** Opening PROVIDED RECORDS block **
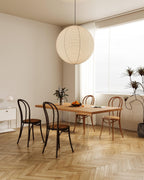 Solara Suspension Bambou Papier Washi Ronde - Neutralighting
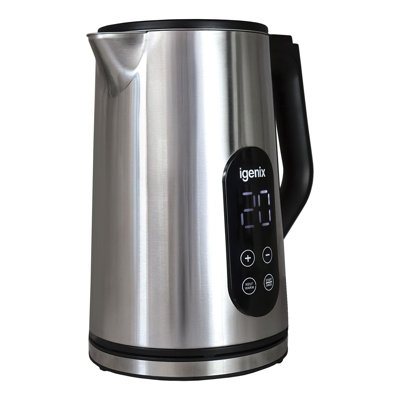 Igenix 1.5L Stainless Steel Electric Tea Kettle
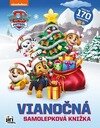 Samolepková knižka Vianoce s Labkovou patrolou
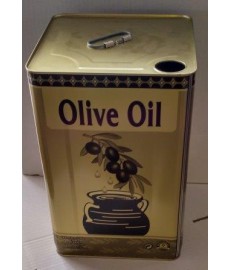 Τενεκές με τάπα φούσκας 17 κιλών (συσκευασία 2 τεμαχίων)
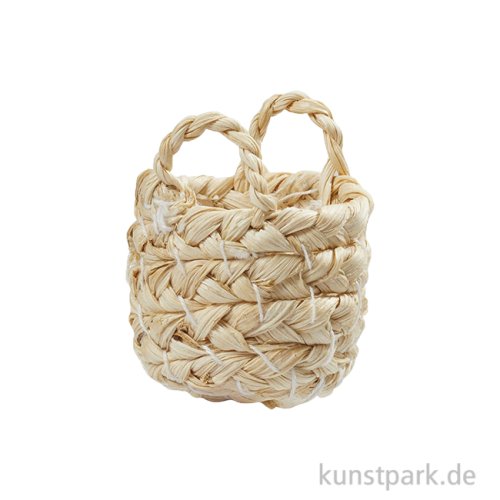 Mini-Korb, Rund, 3,5 x 4 cm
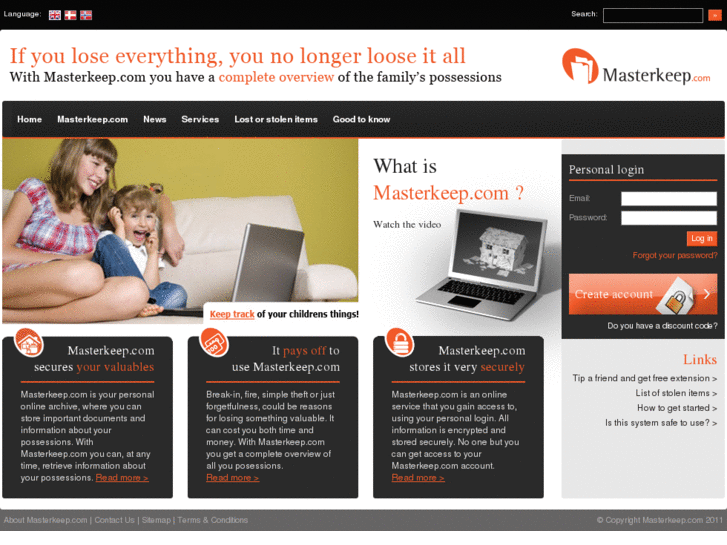 www.masterkeep.net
** Closing PROVIDED RECORDS block **
● **TASK INSTRUCTIONS**:
Leave out the pictures and repeat exactly the lines from the one containing "Samolepková knižka Vianoce" through the last line of the entries.

● **RESPONSE AREA**:
 Samolepková knižka Vianoce s Labkovou patrolou
 Τενεκές με τάπα φούσκας 17 κιλών (συσκευασία 2 τεμαχίων)
 Mini-Korb, Rund, 3,5 x 4 cm
 www.masterkeep.net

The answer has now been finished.